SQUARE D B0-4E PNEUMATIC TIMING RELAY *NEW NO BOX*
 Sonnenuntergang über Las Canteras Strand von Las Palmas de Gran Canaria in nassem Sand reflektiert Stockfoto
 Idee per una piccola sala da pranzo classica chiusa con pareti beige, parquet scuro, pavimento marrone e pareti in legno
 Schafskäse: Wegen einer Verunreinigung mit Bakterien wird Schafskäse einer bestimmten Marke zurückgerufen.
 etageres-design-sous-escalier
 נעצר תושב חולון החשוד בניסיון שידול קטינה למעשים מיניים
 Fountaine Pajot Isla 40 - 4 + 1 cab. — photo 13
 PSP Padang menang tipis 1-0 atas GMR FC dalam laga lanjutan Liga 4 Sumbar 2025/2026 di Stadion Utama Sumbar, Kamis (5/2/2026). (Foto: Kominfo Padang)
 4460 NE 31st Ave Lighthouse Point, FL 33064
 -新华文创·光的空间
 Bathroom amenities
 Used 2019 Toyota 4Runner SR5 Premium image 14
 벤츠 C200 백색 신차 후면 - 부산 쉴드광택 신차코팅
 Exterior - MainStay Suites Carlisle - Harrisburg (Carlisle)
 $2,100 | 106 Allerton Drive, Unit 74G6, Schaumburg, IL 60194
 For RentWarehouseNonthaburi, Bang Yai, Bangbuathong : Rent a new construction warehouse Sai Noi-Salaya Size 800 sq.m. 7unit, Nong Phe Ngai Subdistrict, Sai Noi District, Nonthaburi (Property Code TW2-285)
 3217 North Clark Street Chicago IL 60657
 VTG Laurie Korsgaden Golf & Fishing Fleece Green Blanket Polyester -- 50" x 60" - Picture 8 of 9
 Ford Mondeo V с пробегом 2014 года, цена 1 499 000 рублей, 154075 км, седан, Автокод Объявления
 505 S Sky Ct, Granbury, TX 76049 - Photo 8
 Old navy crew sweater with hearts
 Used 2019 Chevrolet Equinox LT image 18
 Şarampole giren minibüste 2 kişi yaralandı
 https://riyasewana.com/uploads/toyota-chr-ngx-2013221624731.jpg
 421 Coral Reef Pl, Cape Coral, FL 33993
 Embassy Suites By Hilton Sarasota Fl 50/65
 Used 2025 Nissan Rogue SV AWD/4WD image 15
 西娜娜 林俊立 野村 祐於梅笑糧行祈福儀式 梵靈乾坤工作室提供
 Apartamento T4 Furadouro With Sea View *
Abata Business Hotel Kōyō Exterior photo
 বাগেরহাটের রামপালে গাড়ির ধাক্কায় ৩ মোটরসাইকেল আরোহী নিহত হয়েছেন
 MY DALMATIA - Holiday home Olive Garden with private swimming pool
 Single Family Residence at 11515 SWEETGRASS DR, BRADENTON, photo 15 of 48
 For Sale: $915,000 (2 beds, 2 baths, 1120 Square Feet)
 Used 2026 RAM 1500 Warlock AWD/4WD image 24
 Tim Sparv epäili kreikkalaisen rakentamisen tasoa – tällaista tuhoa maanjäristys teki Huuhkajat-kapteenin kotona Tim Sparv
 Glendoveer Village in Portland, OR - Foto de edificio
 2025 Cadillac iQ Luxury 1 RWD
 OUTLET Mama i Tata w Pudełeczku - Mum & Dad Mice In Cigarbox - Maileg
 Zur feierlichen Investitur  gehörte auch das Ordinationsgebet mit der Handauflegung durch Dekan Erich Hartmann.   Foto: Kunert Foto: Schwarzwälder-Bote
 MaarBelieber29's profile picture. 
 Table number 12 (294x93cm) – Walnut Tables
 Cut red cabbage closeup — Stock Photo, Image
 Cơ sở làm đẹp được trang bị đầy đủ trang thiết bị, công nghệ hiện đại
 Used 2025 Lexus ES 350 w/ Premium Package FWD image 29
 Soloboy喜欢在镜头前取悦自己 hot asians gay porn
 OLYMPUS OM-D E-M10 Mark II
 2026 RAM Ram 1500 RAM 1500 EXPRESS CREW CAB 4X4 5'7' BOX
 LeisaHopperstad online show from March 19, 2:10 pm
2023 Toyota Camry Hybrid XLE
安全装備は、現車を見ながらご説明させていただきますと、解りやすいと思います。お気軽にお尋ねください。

+-------+

TASK DETAILS:
Repeat every record above exactly as it appears.

ANSWER BOX:
SQUARE D B0-4E PNEUMATIC TIMING RELAY *NEW NO BOX*
 Sonnenuntergang über Las Canteras Strand von Las Palmas de Gran Canaria in nassem Sand reflektiert Stockfoto
 Idee per una piccola sala da pranzo classica chiusa con pareti beige, parquet scuro, pavimento marrone e pareti in legno
 Schafskäse: Wegen einer Verunreinigung mit Bakterien wird Schafskäse einer bestimmten Marke zurückgerufen.
 etageres-design-sous-escalier
 נעצר תושב חולון החשוד בניסיון שידול קטינה למעשים מיניים
 Fountaine Pajot Isla 40 - 4 + 1 cab. — photo 13
 PSP Padang menang tipis 1-0 atas GMR FC dalam laga lanjutan Liga 4 Sumbar 2025/2026 di Stadion Utama Sumbar, Kamis (5/2/2026). (Foto: Kominfo Padang)
 4460 NE 31st Ave Lighthouse Point, FL 33064
 -新华文创·光的空间
 Bathroom amenities
 Used 2019 Toyota 4Runner SR5 Premium image 14
 벤츠 C200 백색 신차 후면 - 부산 쉴드광택 신차코팅
 Exterior - MainStay Suites Carlisle - Harrisburg (Carlisle)
 $2,100 | 106 Allerton Drive, Unit 74G6, Schaumburg, IL 60194
 For RentWarehouseNonthaburi, Bang Yai, Bangbuathong : Rent a new construction warehouse Sai Noi-Salaya Size 800 sq.m. 7unit, Nong Phe Ngai Subdistrict, Sai Noi District, Nonthaburi (Property Code TW2-285)
 3217 North Clark Street Chicago IL 60657
 VTG Laurie Korsgaden Golf & Fishing Fleece Green Blanket Polyester -- 50" x 60" - Picture 8 of 9
 Ford Mondeo V с пробегом 2014 года, цена 1 499 000 рублей, 154075 км, седан, Автокод Объявления
 505 S Sky Ct, Granbury, TX 76049 - Photo 8
 Old navy crew sweater with hearts
 Used 2019 Chevrolet Equinox LT image 18
 Şarampole giren minibüste 2 kişi yaralandı
 https://riyasewana.com/uploads/toyota-chr-ngx-2013221624731.jpg
 421 Coral Reef Pl, Cape Coral, FL 33993
 Embassy Suites By Hilton Sarasota Fl 50/65
 Used 2025 Nissan Rogue SV AWD/4WD image 15
 西娜娜 林俊立 野村 祐於梅笑糧行祈福儀式 梵靈乾坤工作室提供
 Apartamento T4 Furadouro With Sea View *
Abata Business Hotel Kōyō Exterior photo
 বাগেরহাটের রামপালে গাড়ির ধাক্কায় ৩ মোটরসাইকেল আরোহী নিহত হয়েছেন
 MY DALMATIA - Holiday home Olive Garden with private swimming pool
 Single Family Residence at 11515 SWEETGRASS DR, BRADENTON, photo 15 of 48
 For Sale: $915,000 (2 beds, 2 baths, 1120 Square Feet)
 Used 2026 RAM 1500 Warlock AWD/4WD image 24
 Tim Sparv epäili kreikkalaisen rakentamisen tasoa – tällaista tuhoa maanjäristys teki Huuhkajat-kapteenin kotona Tim Sparv
 Glendoveer Village in Portland, OR - Foto de edificio
 2025 Cadillac iQ Luxury 1 RWD
 OUTLET Mama i Tata w Pudełeczku - Mum & Dad Mice In Cigarbox - Maileg
 Zur feierlichen Investitur  gehörte auch das Ordinationsgebet mit der Handauflegung durch Dekan Erich Hartmann.   Foto: Kunert Foto: Schwarzwälder-Bote
 MaarBelieber29's profile picture. 
 Table number 12 (294x93cm) – Walnut Tables
 Cut red cabbage closeup — Stock Photo, Image
 Cơ sở làm đẹp được trang bị đầy đủ trang thiết bị, công nghệ hiện đại
 Used 2025 Lexus ES 350 w/ Premium Package FWD image 29
 Soloboy喜欢在镜头前取悦自己 hot asians gay porn
 OLYMPUS OM-D E-M10 Mark II
 2026 RAM Ram 1500 RAM 1500 EXPRESS CREW CAB 4X4 5'7' BOX
 LeisaHopperstad online show from March 19, 2:10 pm
2023 Toyota Camry Hybrid XLE
安全装備は、現車を見ながらご説明させていただきますと、解りやすいと思います。お気軽にお尋ねください。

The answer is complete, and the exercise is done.